##### Records for the exercise #####
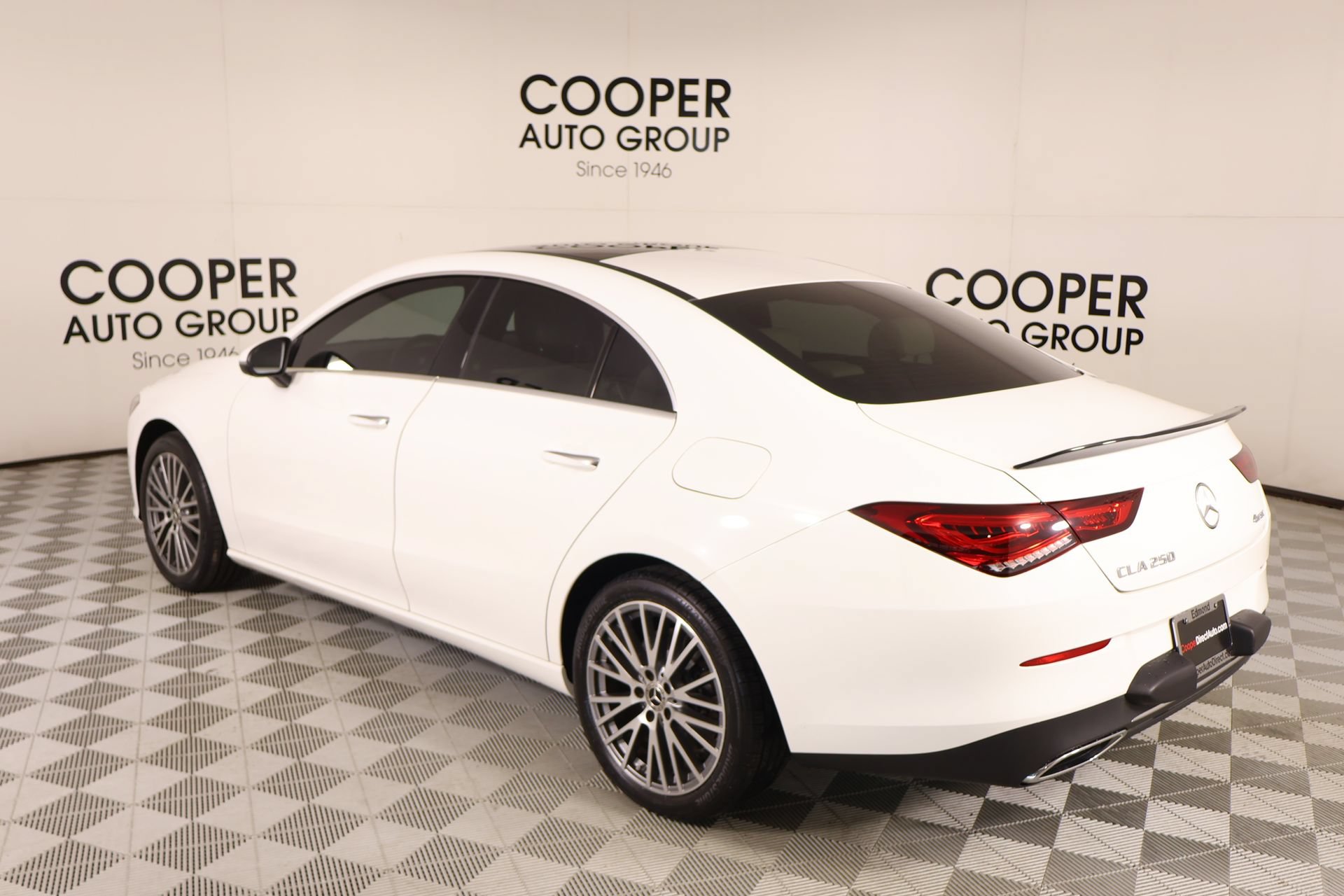 Used 2023 Mercedes-Benz CLA 250 4MATIC image 22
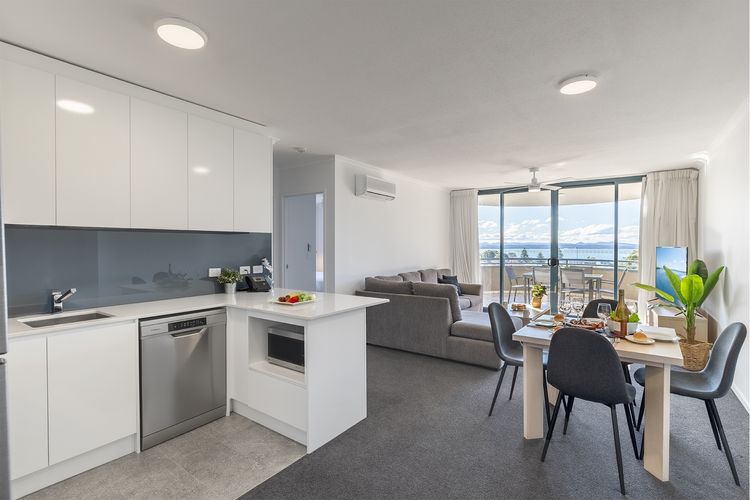 The Landmark, 211/61B Dowling Street – Resort Style holiday with pool, games room & restaurant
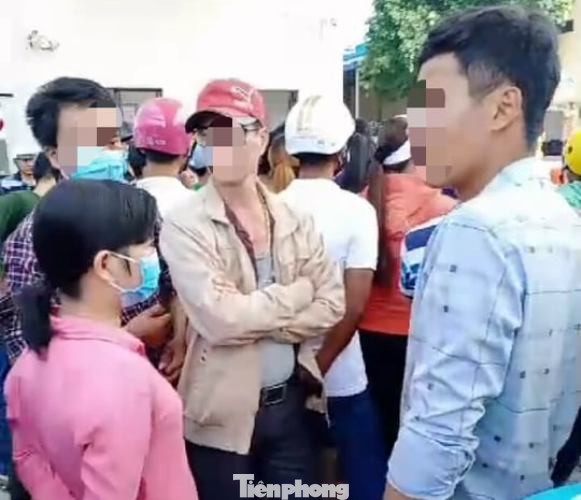 Công nhân ở Bình Dương đòi quyền lợi bảo hiểm ảnh 1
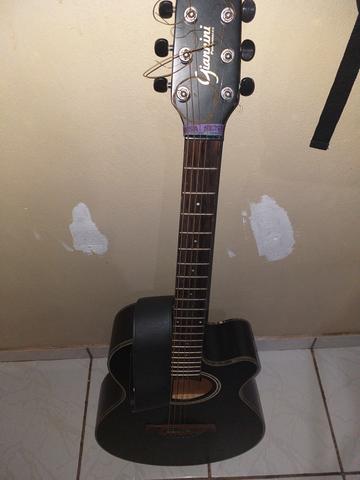 Violão giannini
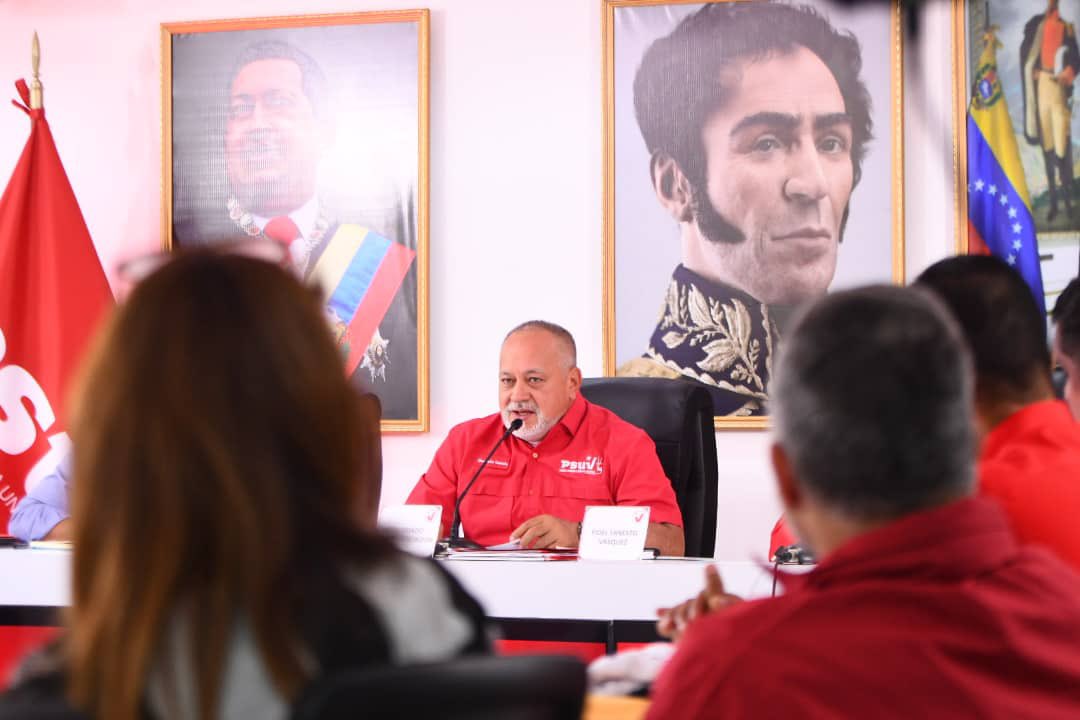 JEHYSONGUZMAN's tweet photo. Así se desarrolló la reunión semanal de nuestro @PartidoPSUV con la Dirección Política Nacional junto al https://t.co/O1c6DMf89G vicepresidente @dcabellor, debate y organización para seguir avanzando junto a los líderes de base en el fortalecimiento del Poder Popular junto al presidente @NicolasMaduro.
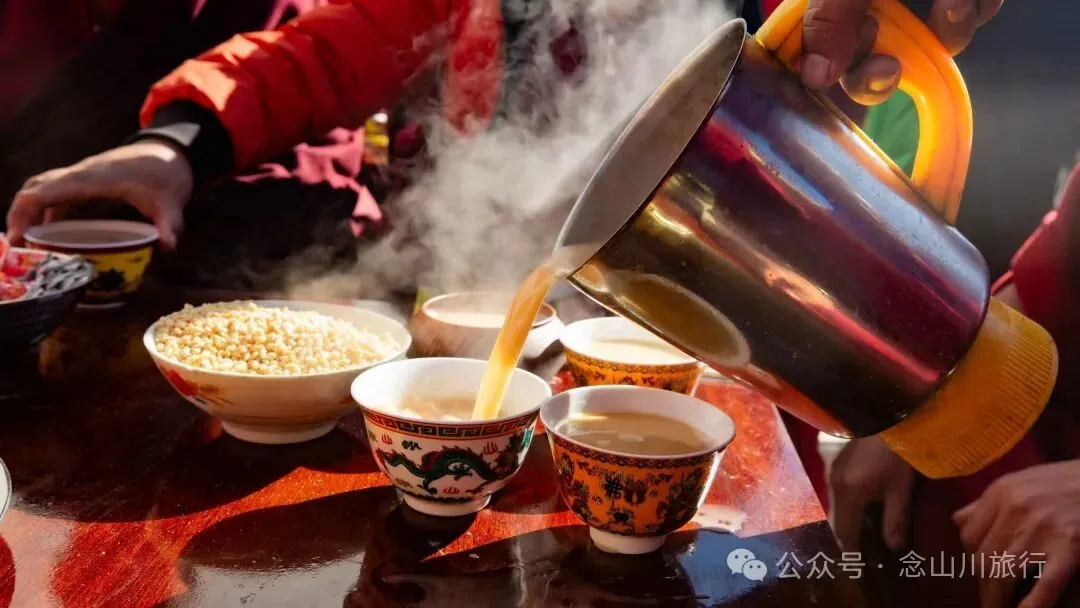 僧侣、活佛与匍匐的村民:我在云南的一座悬崖寺庙,见证了什么? - 第10张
#####
> _Task requirements_:
Print exactly the lines from the first line of the records above through the line containing "Violão giannini", both included, and leave the pictures out.

> _Answer box_:
 Used 2023 Mercedes-Benz CLA 250 4MATIC image 22
 The Landmark, 211/61B Dowling Street – Resort Style holiday with pool, games room & restaurant
 Công nhân ở Bình Dương đòi quyền lợi bảo hiểm ảnh 1
 Violão giannini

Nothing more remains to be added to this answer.